RAW DATA >>
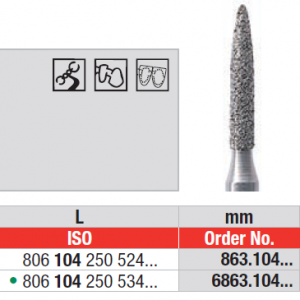 Edenta HP D863 flame diamond bur for dental preparation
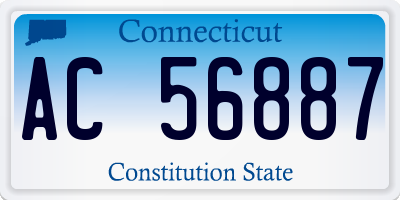 CT license plate AC56887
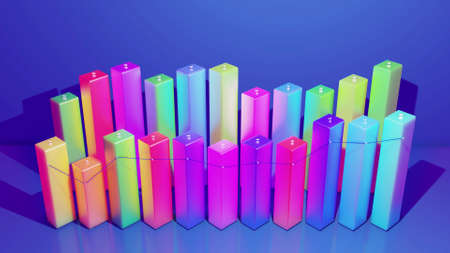 3d render. Multicolor bars, counters and graph. Beautiful 3d background for analytical programs with abstract infographics, statistical data. 3d columns as financial bgの写真素材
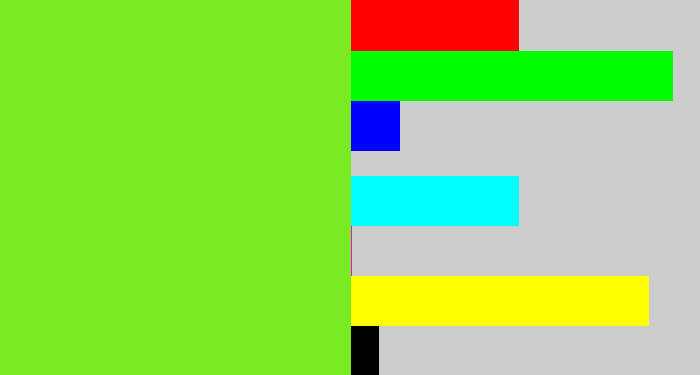 Hex color #7aea23 - toxic green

THE TASK >> What you give back must match the material word for word, with no images included.

SOLUTION TO THIS PROBLEM >>
 Edenta HP D863 flame diamond bur for dental preparation
 CT license plate AC56887
 3d render. Multicolor bars, counters and graph. Beautiful 3d background for analytical programs with abstract infographics, statistical data. 3d columns as financial bgの写真素材
 Hex color #7aea23 - toxic green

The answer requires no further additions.